Through her decades in show business, including a complicated childhood, she says she never wanted to be a victim. “By nature I’m a fighter. I just don’t want to be undone by something else or someone else,” she explains.
We were thrilled to chat with Brooke about her amazing outlook on life, aging and motherhood. Plus, details of her new project, Beginning is Now, an online community of women with inspiring, informative content and a digital shop, where you can find chic and comfortable athleisure wear. Don’t miss her on January 27 on Talk Shop Live at 1:30 pm!
You have an incredible outlook on life’s adversities. Can you please share a bit more about that?
Ever since I was a little girl, my mom taught me this: you pick yourself up, dust yourself off and continue on. That’s the only way I wanted to go through life. I never say “poor me?” or “why me?” Shit happens and you do it. There are real victims in the world but I’ve also seen people choose to be a victim when they can pull themselves out. I know that that sounds like ‘Oh yeah, Brooke Shields has never had to suffer in her life.’ But bad stuff happens…I had postpartum depression. I broke my femur. I had an alcoholic mother – whatever the struggle is I don’t feel ‘woe is me’. Instead, it’s going to build character.
What an amazing perspective—is this something you’re trying to pass on to your daughters, Rowan Francis (18) and Grier Hammond (15)?
I try as an example to pass that on to my daughters. But I do think it’s either in your character or it’s not to look at things that way. I have one daughter who is incredibly like that – she’s [all about] forward motion and she’s had difficult things happen to her. The other one is ‘everything is the end of the world’.
As a mom, which stage do you love or struggle with the most – baby, toddler, teenager?
I loved the baby stage. Even though I was tired they were so sweet and malleable. It gets emotionally harder but physically easier as they get older. Then they hit about 12 and you go ‘oh God.’ Because they get a little nutty, especially girls. You wouldn’t want to reduce it to hormones but I have to say they’re kooky and emotional. I just had this conversation with my husband last night and said you just have to weather it and stay calm and let the tornado go over you. You watch them going through things like girls being mean, and your heart breaks for them.
Can you tell us about Beginning is Now?
Yes! We’re going on Talk Shop Live tomorrow to talk about our athletic wear. Beginning Is Now started because women over 40 are not being marketed to and that needs to change. It has been the biggest leap of courage and to do it at 56 is incredible.
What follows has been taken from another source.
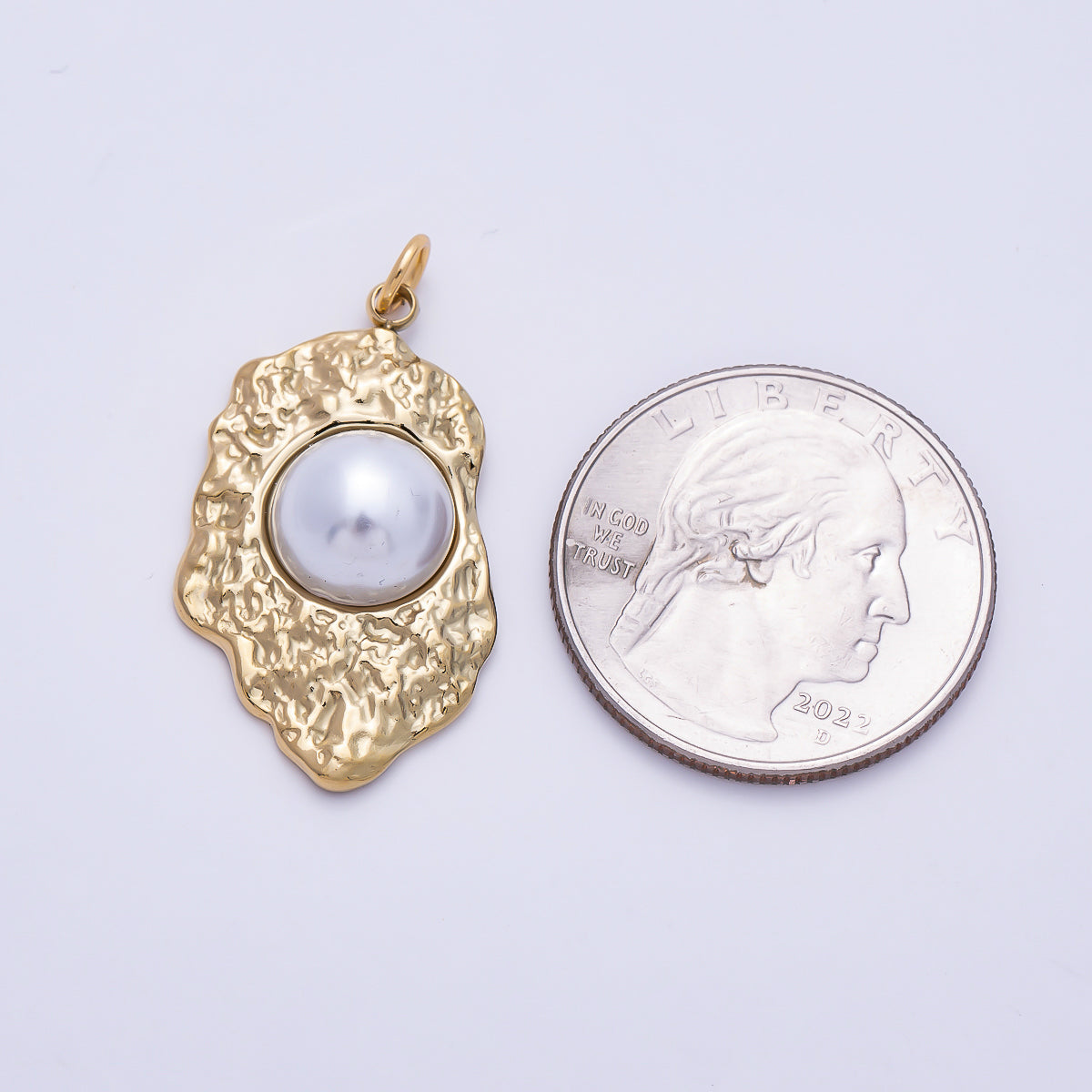 PVD Gold Stainless Steel 30mm White Shell Pearl Hammered Molten Charm | Charms-01437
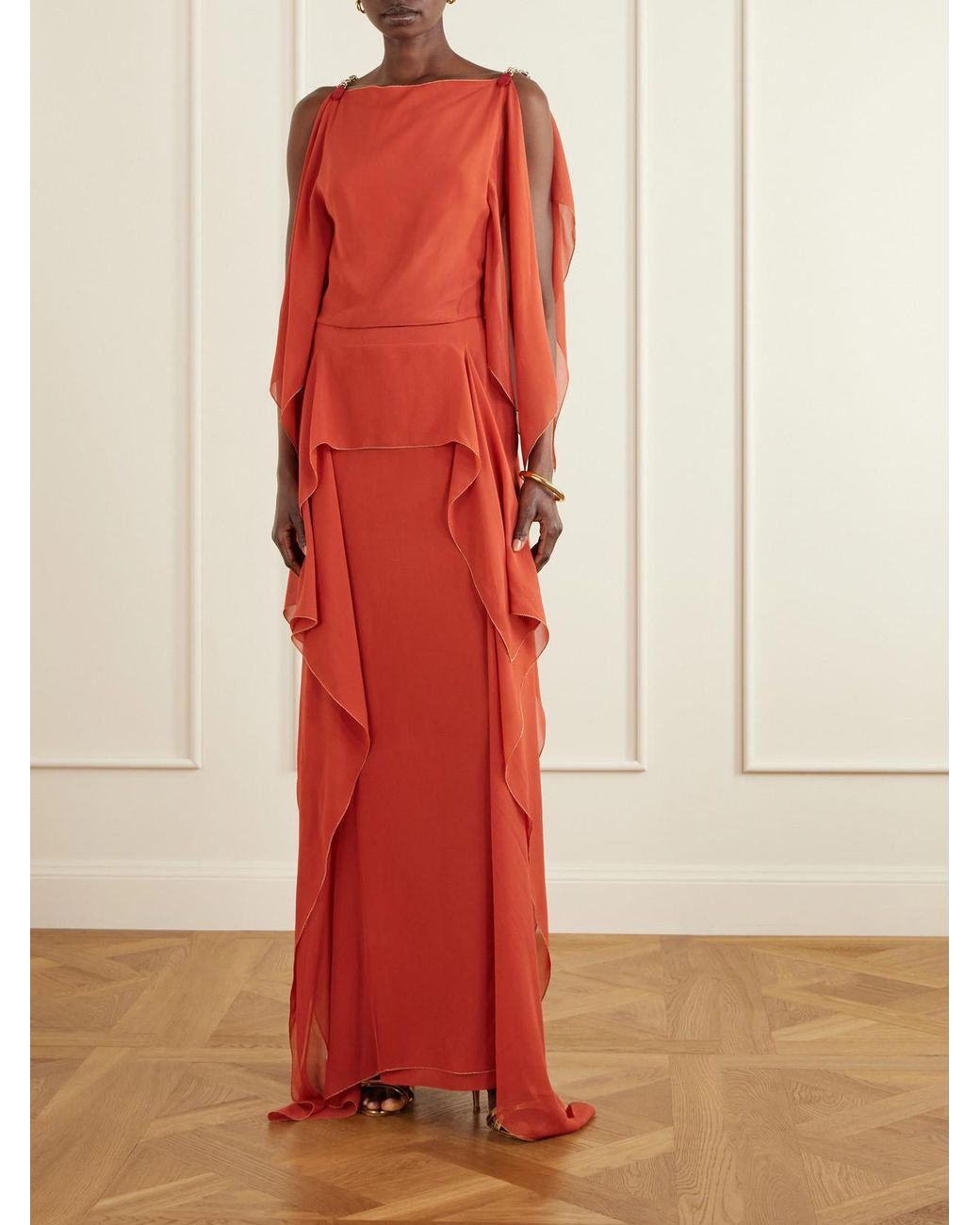 Lanvin Ruffled Silk-Chiffon Gown in Red | Lyst UK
What is the best part of getting older?
Feeling more confident. I don’t compare myself to other people anymore. I feel proud of what I’ve done and the kids I’ve raised. We’re taught that we’re supposed to be finished at a certain time. But I think we just begin in some ways. We’ve had the children or the careers or decided not to do those things, but we’re doing things on our terms now. And that’s not what we’re taught in society [as young women].
What is your mom uniform?
I just came out with my own athletic wear so I wear that. My [daughters friend] was over and said she just wears that to look like the other moms. And I was like no I’m actually going to work out! If I had something to go to I’d put on jeans, vintage – different cuts and sizes. Mine are from the 80s…Levis, Calvins, Jordache. I wear those with Golden Goose sneakers – I love them even though they’re a little expensive. And an oversized sweater, could be from Zara or anywhere!
What would you tell your younger self if you could go back in time?
I think I would have said give yourself a bit of a break. Don’t be so hard on yourself. You’re absolutely beyond enough and you don’t have to be any different. It’s hard to celebrate yourself. When I look back I was so labored with insecurity and would have loved it if I could have said ‘you should really be more confident…because you deserve it’.